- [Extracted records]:
★ ★ ★
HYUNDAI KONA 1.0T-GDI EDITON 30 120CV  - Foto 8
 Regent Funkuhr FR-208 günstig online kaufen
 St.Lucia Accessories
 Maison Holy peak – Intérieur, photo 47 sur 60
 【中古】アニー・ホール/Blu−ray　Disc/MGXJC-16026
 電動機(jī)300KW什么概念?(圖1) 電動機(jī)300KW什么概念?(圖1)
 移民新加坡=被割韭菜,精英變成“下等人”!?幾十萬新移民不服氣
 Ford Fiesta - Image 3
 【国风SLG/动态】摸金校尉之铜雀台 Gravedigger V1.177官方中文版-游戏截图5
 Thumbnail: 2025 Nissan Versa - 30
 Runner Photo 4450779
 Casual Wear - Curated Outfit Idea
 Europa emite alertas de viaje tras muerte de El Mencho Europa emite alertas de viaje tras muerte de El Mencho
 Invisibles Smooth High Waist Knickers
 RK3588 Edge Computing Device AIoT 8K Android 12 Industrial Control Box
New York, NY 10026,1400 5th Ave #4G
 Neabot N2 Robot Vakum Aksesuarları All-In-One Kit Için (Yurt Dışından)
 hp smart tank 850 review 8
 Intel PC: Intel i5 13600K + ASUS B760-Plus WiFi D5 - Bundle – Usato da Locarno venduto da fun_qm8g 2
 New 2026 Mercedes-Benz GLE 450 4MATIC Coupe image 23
★ ★ ★
- [To do]: With the line containing "Europa emite alertas de viaje tras muerte de El Mencho Europa" as the first and the final line of the records as the last, copy that span exactly and nothing more.

- [Output of the task]:
 Europa emite alertas de viaje tras muerte de El Mencho Europa emite alertas de viaje tras muerte de El Mencho
 Invisibles Smooth High Waist Knickers
 RK3588 Edge Computing Device AIoT 8K Android 12 Industrial Control Box
New York, NY 10026,1400 5th Ave #4G
 Neabot N2 Robot Vakum Aksesuarları All-In-One Kit Için (Yurt Dışından)
 hp smart tank 850 review 8
 Intel PC: Intel i5 13600K + ASUS B760-Plus WiFi D5 - Bundle – Usato da Locarno venduto da fun_qm8g 2
 New 2026 Mercedes-Benz GLE 450 4MATIC Coupe image 23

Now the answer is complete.